Use of scraper units has brought about a change in the stripping procedures that has increased the efficiency and decreased the cost of the entire quarry operation. In the East quarry the top 25 feet of the overburden is removed by scrapers and transported to the spoil area which had previously been leveled with dozers. This decrease in the volume of backcast material has eliminated the need for berm walls and has increased extraction 3 to 5 percent. The maximum haul for spoil in the East quarry is 1,800 feet. A dragline completes the rough stripping to the surface of the deposit. Final cleaning is accomplished by a Bucyrus-Erie 22B clamshell, followed by a Gradall. The clamshell removes the bulk of clay and sand from the erosion channels and the hydraulically operated Gradall, a very versatile piece of equipment well-suited to this type of work, removes a very high percentage of the remaining waste, leaving a minimum amount of hand-shovel work. The East quarry cut is approximately 4,000 feet long (fig. 6).

In the West quarry all the stripping is done with the scraper fleet, utilizing a D8 tractor with a D337 engine as a pusher. All loading and dumping are done downgrade. The cleaning procedure is the same as in the East quarry. The length of the present cut in the West quarry is 2,400 feet; the length of haul is 2,400 feet.

Because of the channeled surface, the use of wagon drills in most parts of the quarries is not feasible; however, the use of the heavier drills is desirable. To overcome these adverse conditions, the company has designed and built a unique drill rig (fig. 7). It consists of a steel truss, approximately 100 feet long, which spans the cut and is supported on each end by a modified “A” frame with four flanged wheels that run on movable rails. The top member of the truss supports two Gardner-Denver 89 drifters in vertical position and can be moved along, the truss manually to any desired hole location. Upon completion of a row of holes, the drill rig is moved 6 feet to the next row of holes to be drilled. With movable rails spanning the uneven bench surface, no difficulty is experienced in moving.

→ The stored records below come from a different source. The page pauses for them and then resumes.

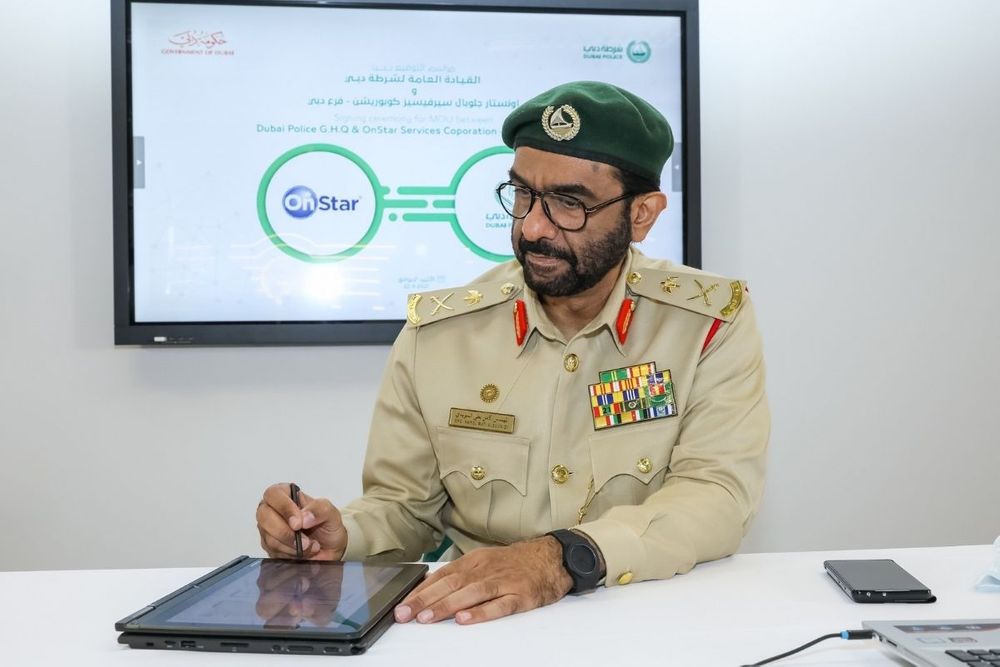 Dubai Police teams up with Onstar to promote road safety, traffic management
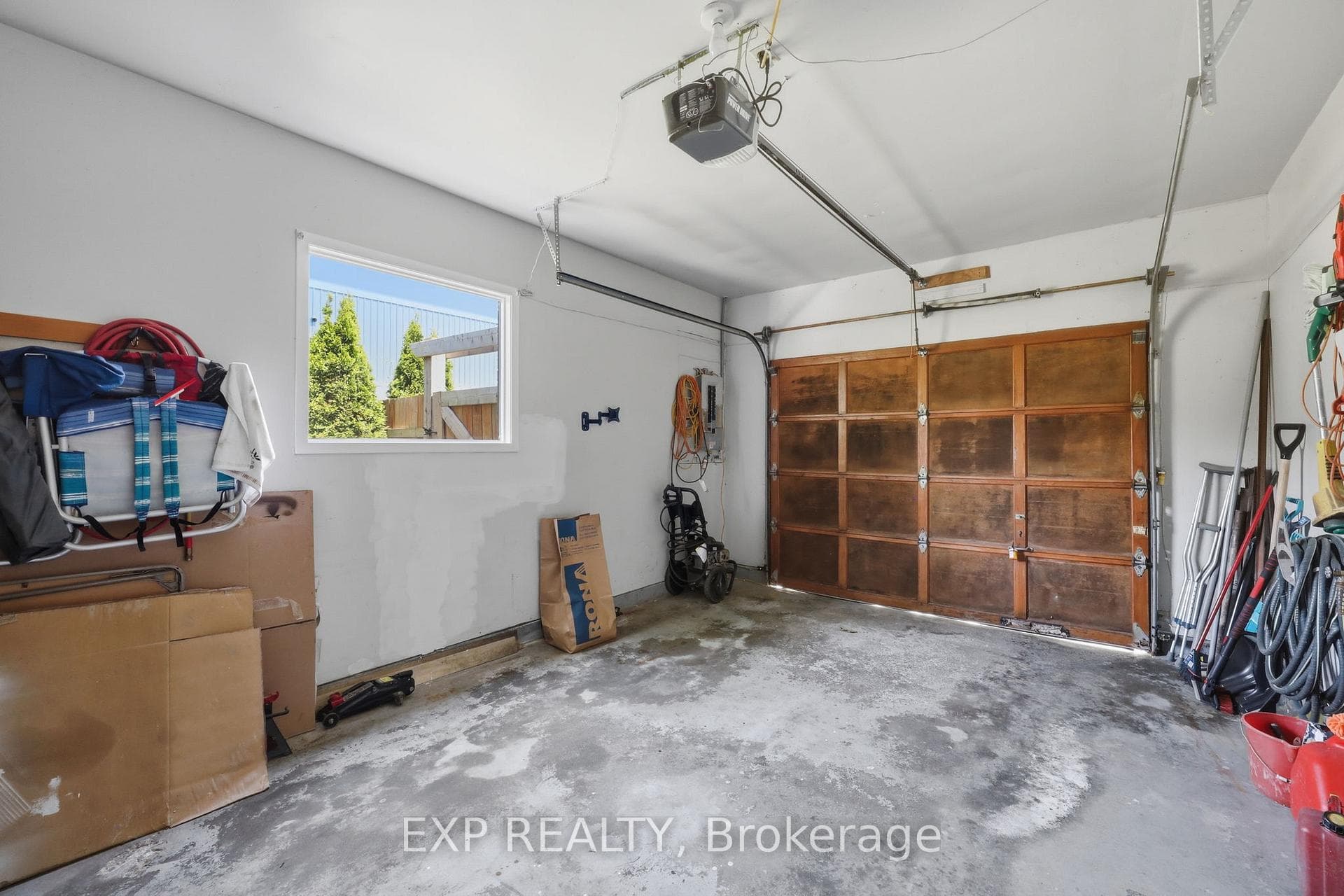 271 Anne Street photo 43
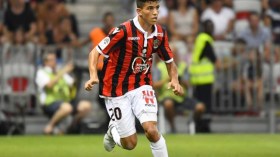 إشبيلية الإسباني يتنافس على ضم يوسف عطال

Compressed air is supplied to the East quarry for distances up to 5,000 feet by a stationary, Burry, 1,000-c.f.m., electrically driven compressor. Air is supplied to the pneumatic equipment in the West quarry by a Gardner-Denver No. 600 rotary, diesel-driven, portable compressor.

mining methods united states gypsum company quarry

mining methods united states gypsum long span drill-rig

The height of the benches ranges from 10 to 30 feet. Blastholes are drilled on a 6- by 6-foot grid to a depth allowing approximately 18 inches of gypsum to remain as the floor of the cut. Fifteen to seventeen holes comprise one row across the bench. Enough rows are drilled in each round to produce approximately 15,000 tons per blast. The number of rows ranges from 17 to 30, the required number being partly determined by the height of the bench.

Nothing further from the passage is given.